Por primera vez en su travesía se detuvo. Levantó la vista y se dispuso a mirar una edificación de manera directa, sin esconderse. Si bien con cada esporádico regreso volvía a observar ese conjunto de ladrillos y cemento que alguna vez había llamado “hogar”, nunca dejaba de percatarse de que se había hecho todo lo posible para que este perdiera su encanto original. De los incontables “arreglos”, había uno que le llamaba poderosamente la atención. La fachada, que estaba compuesta por unos brillantes bloques de piedra, había sido pintada de blanco. Las marcas de los pinceles se abrían paso sobre las minúsculas partículas de algo parecido al vidrio y que por décadas habían dotado de luz a las piedras. La pintura quería ocultar la edad de las piedras y sin lugar a dudas cumplía su objetivo, siendo el precio a pagar bastante bajo: transformar lo pintoresco en vulgaridad y mal gusto. Marcelo imaginó el momento en que se había “lavado la cara” por primera vez a la casa como una batalla en que las pinceladas
vencieron a aquellas ínfimas gotitas de luz.
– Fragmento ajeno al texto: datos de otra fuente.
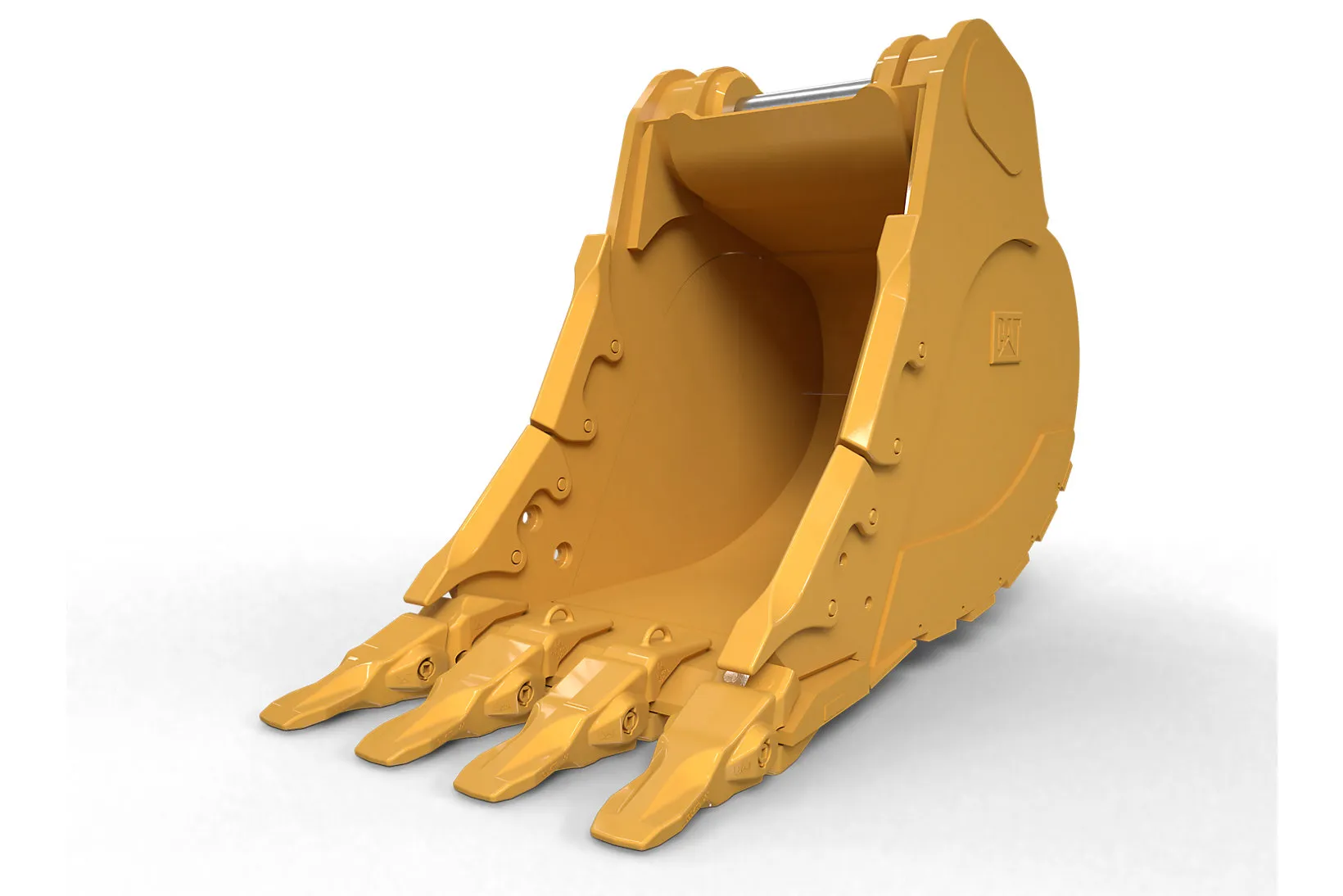 Усиленный ковш, 1050 мм, 42 дюймов, 528-4634, арт. 1000022534, CATERPILLAR, для CATERPILLAR, Повышенной прочности — фото товара, купить в…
- Claro, cuesta menos que pulirlas- se dijo a sí mismo.

Indignado, decidió marcharse, no sin antes prometerse que no regresaría nunca más. Sin embargo, sabía que, como siempre, volvería a romper su palabra. Aquellas tumbas, y aquella tumba en particular, lo atraían de manera sádica e ineludible, más que ninguna otra cosa en el mundo.